--- Exercise inputs Enclosed Below ---

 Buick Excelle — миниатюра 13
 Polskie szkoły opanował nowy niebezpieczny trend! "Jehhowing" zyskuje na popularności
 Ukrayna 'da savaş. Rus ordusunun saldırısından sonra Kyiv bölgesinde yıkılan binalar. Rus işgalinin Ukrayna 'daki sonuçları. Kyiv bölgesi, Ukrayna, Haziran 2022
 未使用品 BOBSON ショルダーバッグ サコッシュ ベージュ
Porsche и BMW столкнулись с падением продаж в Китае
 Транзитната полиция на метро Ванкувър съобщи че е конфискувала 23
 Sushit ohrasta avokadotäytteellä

--- End of Enclosed Exercise inputs ---
--- Exercise inputs Enclosed Below ---

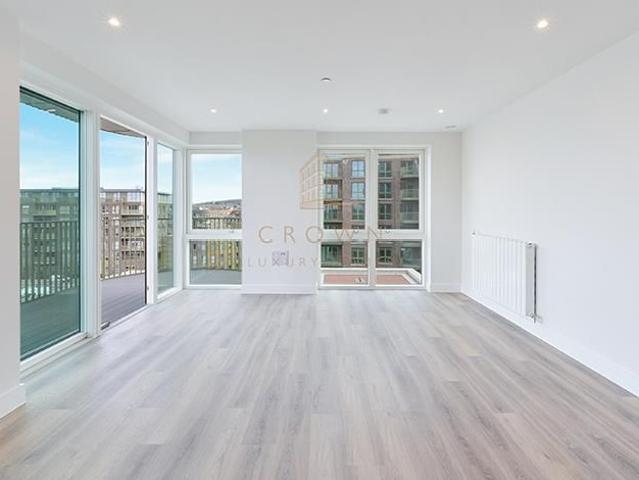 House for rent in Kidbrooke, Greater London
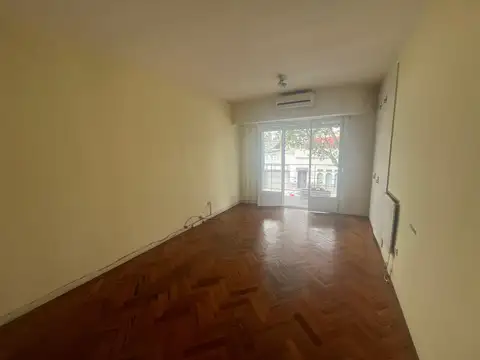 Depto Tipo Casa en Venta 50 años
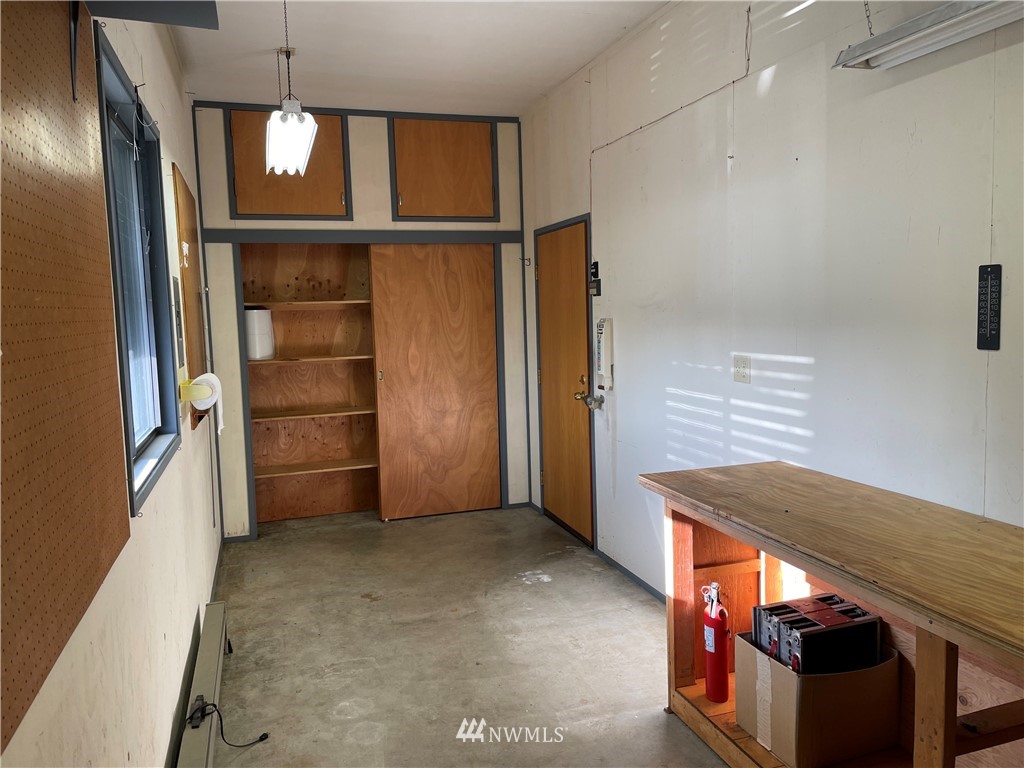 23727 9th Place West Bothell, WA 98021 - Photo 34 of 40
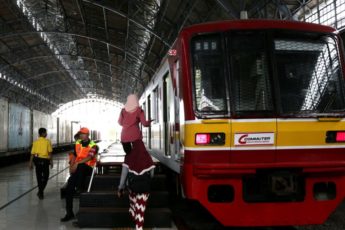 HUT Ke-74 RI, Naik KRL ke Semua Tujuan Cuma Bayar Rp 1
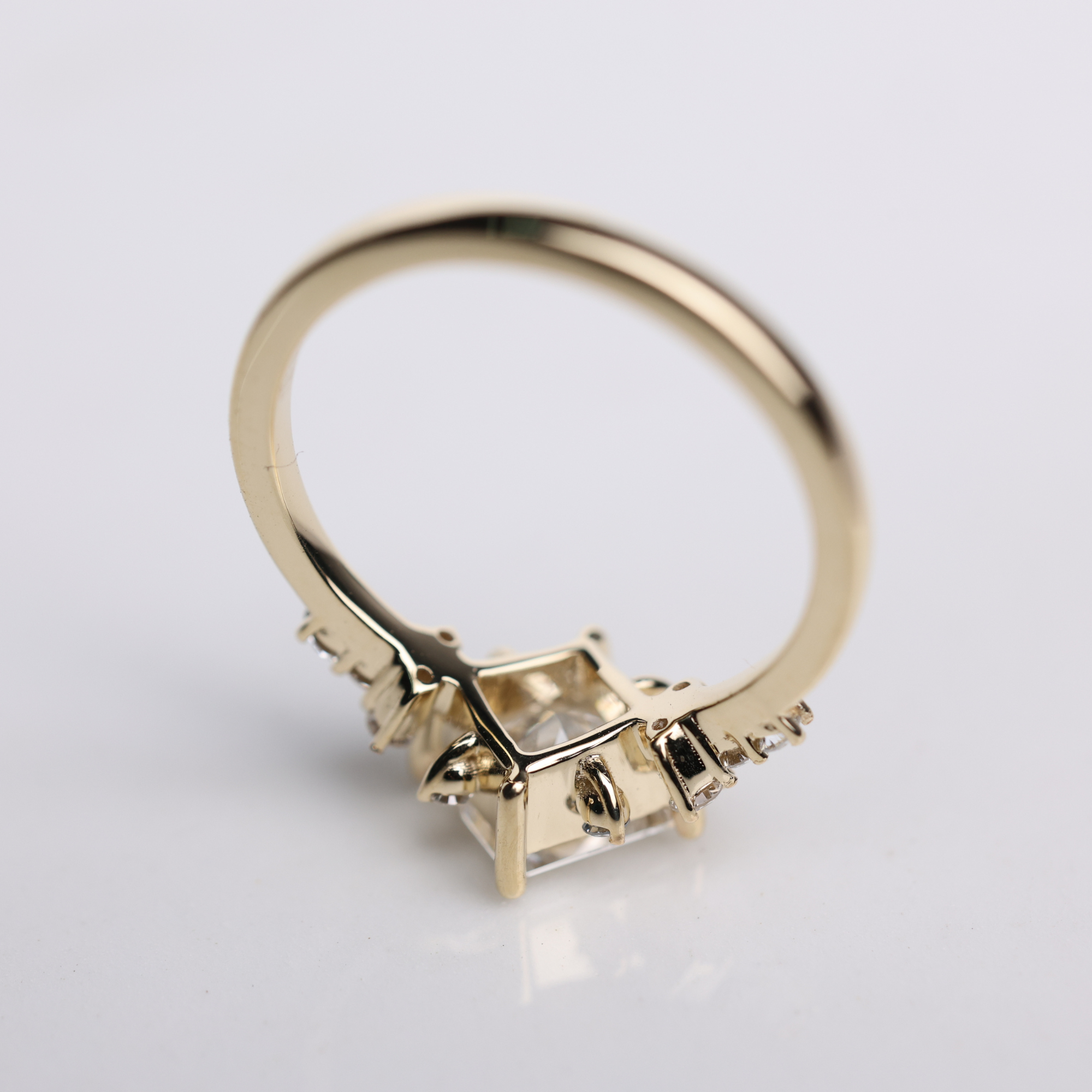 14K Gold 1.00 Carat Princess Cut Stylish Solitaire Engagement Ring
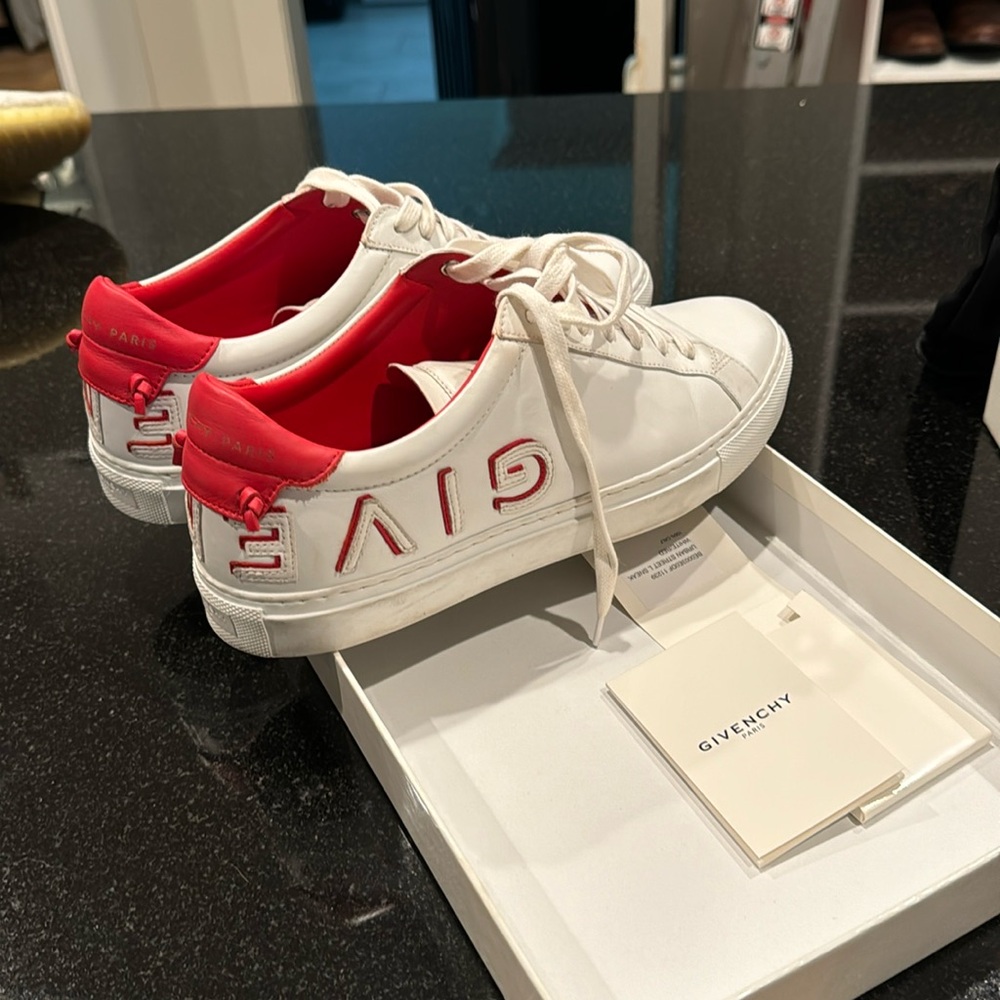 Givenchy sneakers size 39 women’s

--- End of Enclosed Exercise inputs ---

Task prompt
Output should consist of the lines above from the one with "House for rent in Kidbrooke, Greater London" down to the one with "14K Gold 1.00", exact and without pictures.

Reply to the task
 House for rent in Kidbrooke, Greater London
 Depto Tipo Casa en Venta 50 años
 23727 9th Place West Bothell, WA 98021 - Photo 34 of 40
 HUT Ke-74 RI, Naik KRL ke Semua Tujuan Cuma Bayar Rp 1
 14K Gold 1.00 Carat Princess Cut Stylish Solitaire Engagement Ring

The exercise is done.